Metric $p := p(x,y)= \min(|x-y|, 1- |x-y|)$ $x,y \in [0,1)^2$. Prove metric space is compact.

Question

Help! I know that $X$ is Compact if every sequence in $X$ has a subsequence converging to a point in $X$. Also we have that $X$ is a bounded infinite subset in the real numbers.

I think it's quite a short proof, could anyone help please? Thank you!

Answer 1

Let $X=[0,1)$ with the given metric, and let $Y=[0,1]$ with the usual metric.

If $(x_n)$ is a sequence in X, then it has a subsequence $x_{n_k}$ which converges to $a \in Y$ since Y is compact.

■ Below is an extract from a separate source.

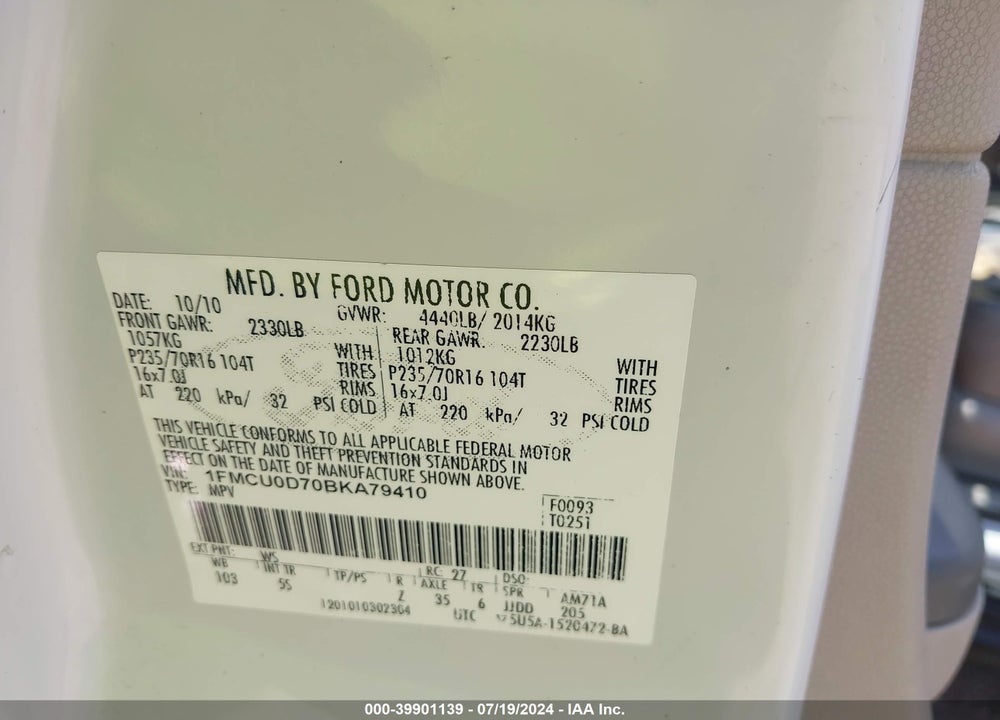 2011 FORD ESCAPE XLT VIN: 1FMCU0D70BKA79410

1) If $a\ne1$, then $x_{n_k}$ converges to $a$ in X since

$\;\;\;|x_{n_k}-a|<\epsilon\implies d(x_{n_k},a)=\min\{|x_{n_k}-a|, 1-|x_{n_k}-a|\}<\epsilon$.

2) If $a=1$, then $x_{n_k}$ converges to 0 in X since

$\;\;\;|x_{n_k}-1|<\epsilon\implies 1-x_{n_k}<\epsilon\implies d(x_{n_k},0)=\min\{x_{n_k},1-x_{n_k}\}<\epsilon$.

Therefore $(x_n)$ has a convergent subsequence in X, so X is compact.